--- Provided material ---
################

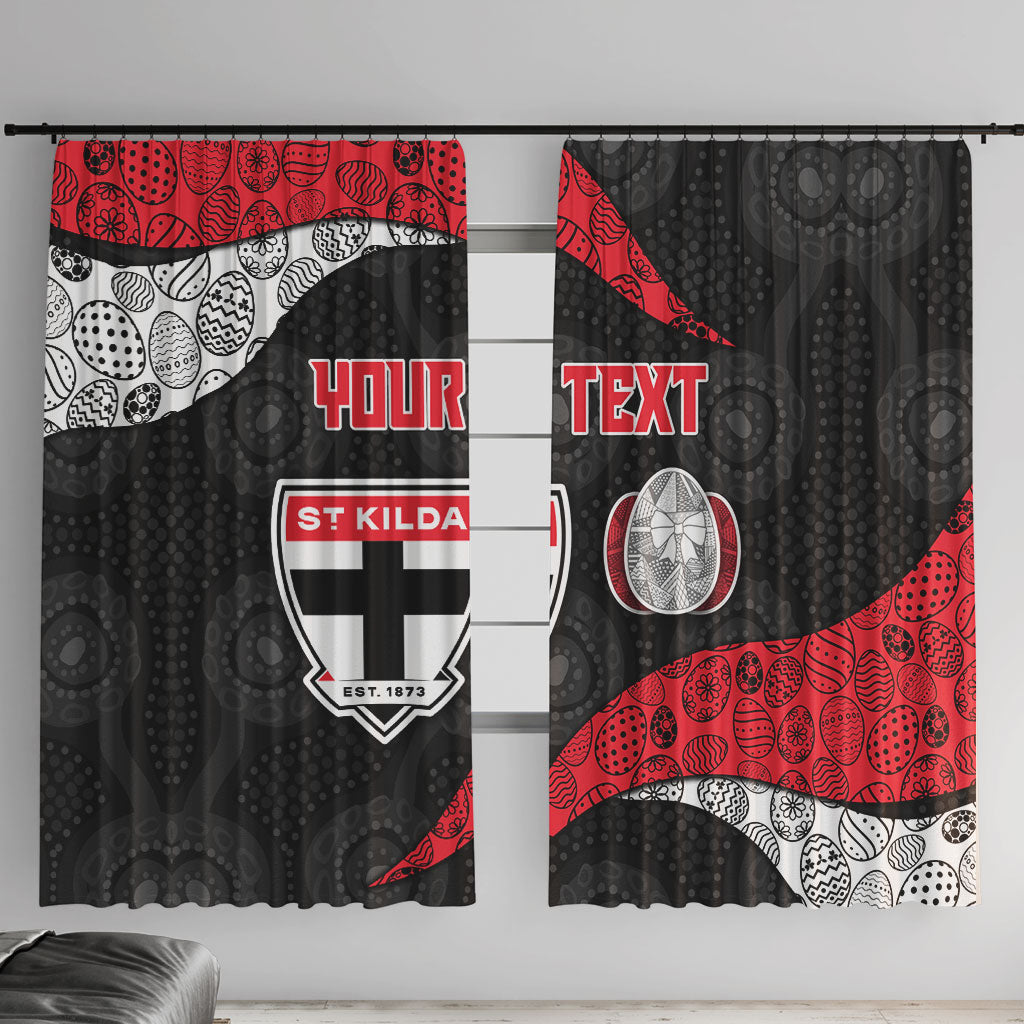 Personalized St Kilda Football Window Curtain Easter Egg Pattern Red Black White Tribal Dot Style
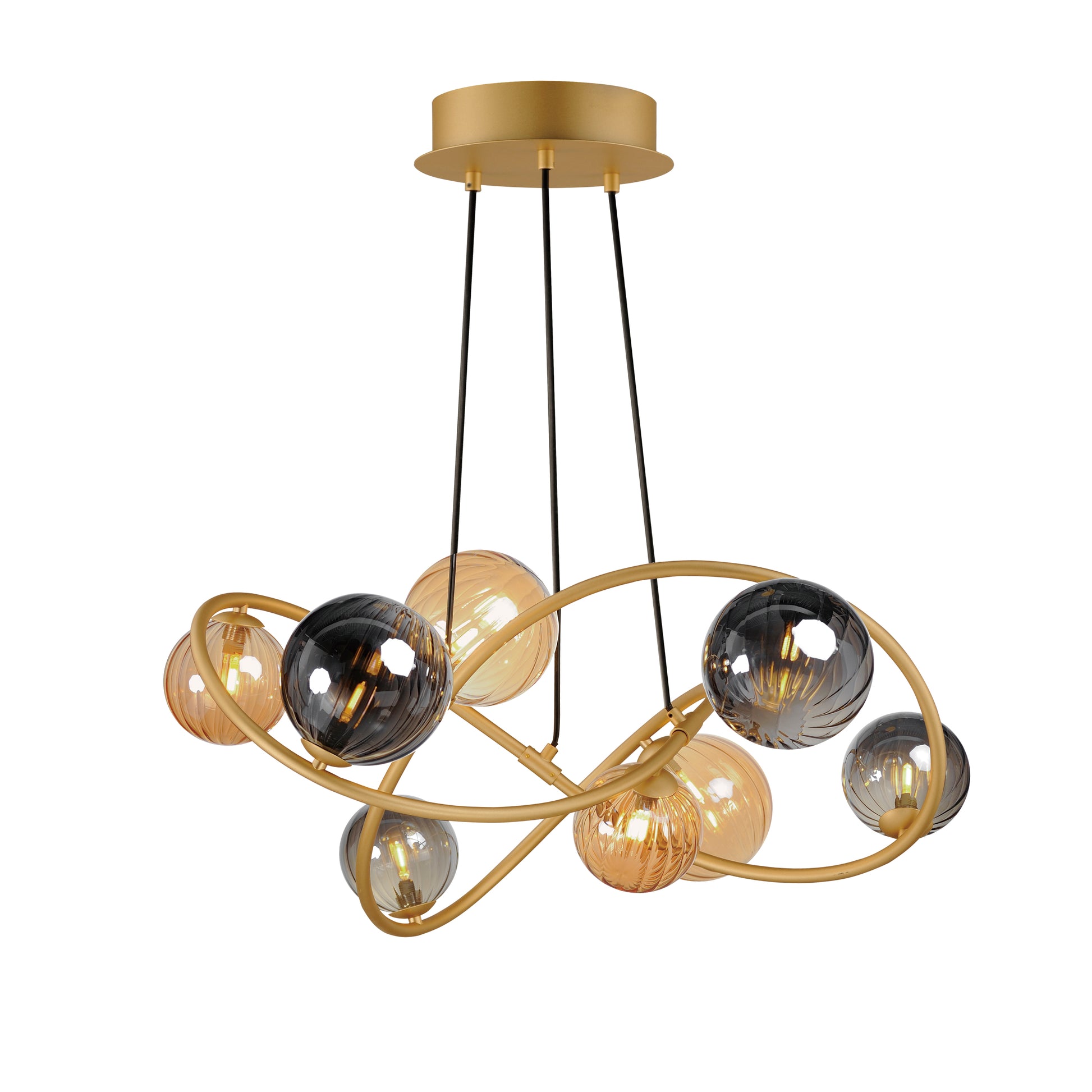 Planetary 8-Light LED Chandelier Gold by ET2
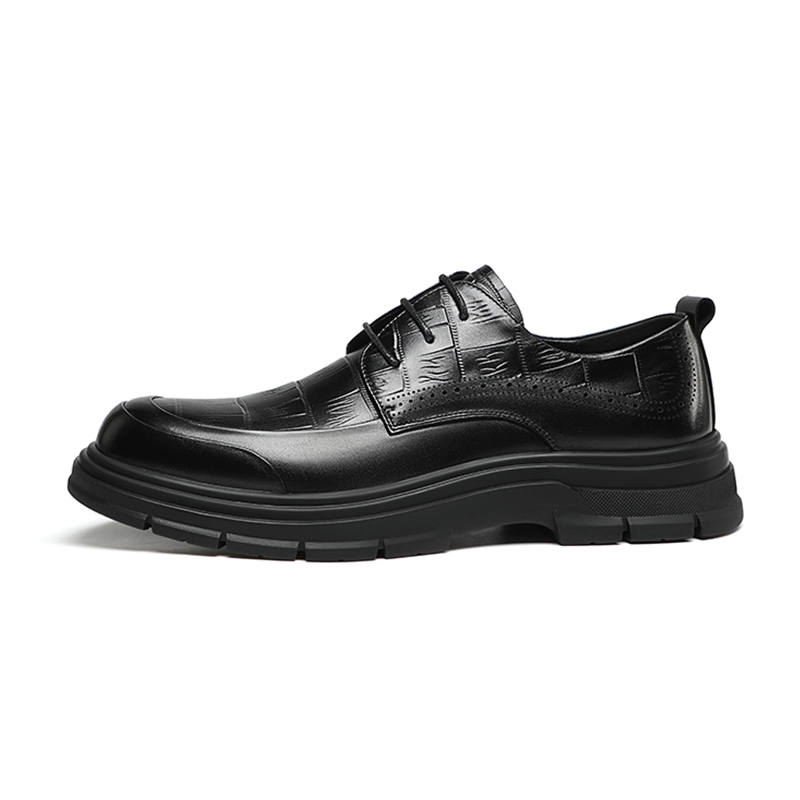 SEPTWOLVES Top Grain Cow Leather Casual Leather Shoes Men's Black HD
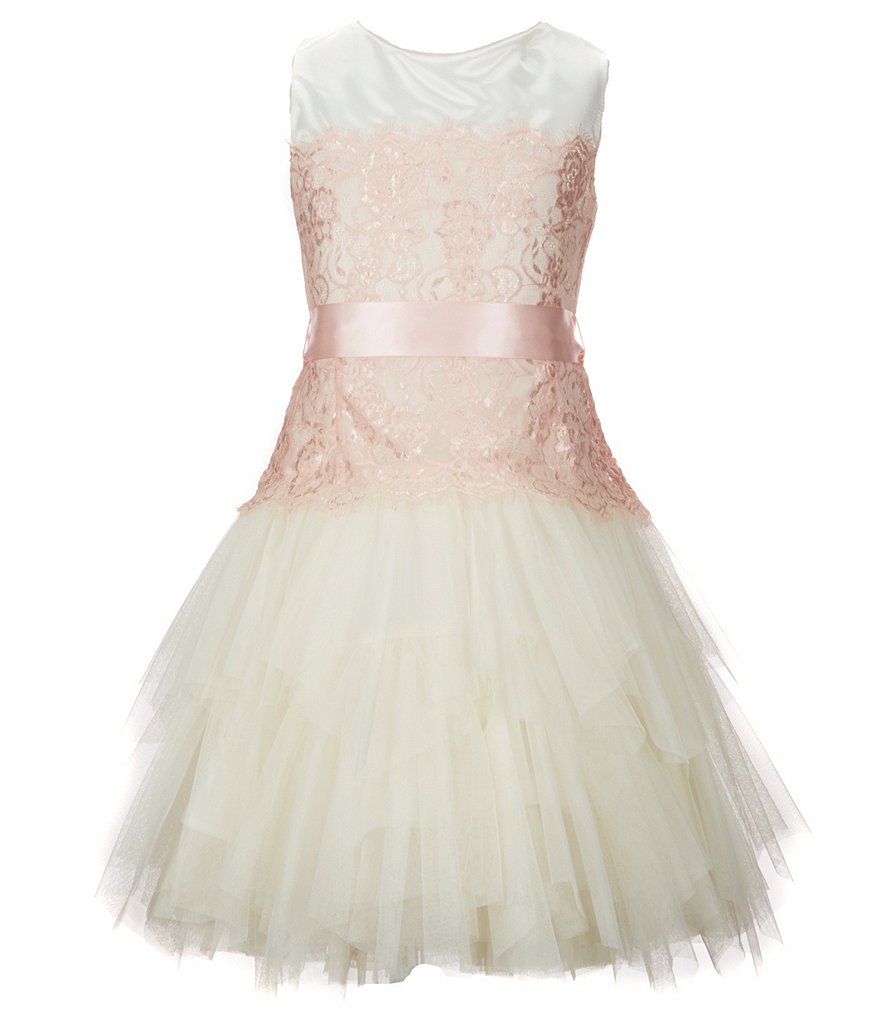 Chantilly Place Big Girls 7-16 Sleeveless Lace-Accented Dress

################

--- Assigned task ---
Please copy out each line above exactly as written, but not the pictures.

--- Solution ---
 Personalized St Kilda Football Window Curtain Easter Egg Pattern Red Black White Tribal Dot Style
 Planetary 8-Light LED Chandelier Gold by ET2
 SEPTWOLVES Top Grain Cow Leather Casual Leather Shoes Men's Black HD
 Chantilly Place Big Girls 7-16 Sleeveless Lace-Accented Dress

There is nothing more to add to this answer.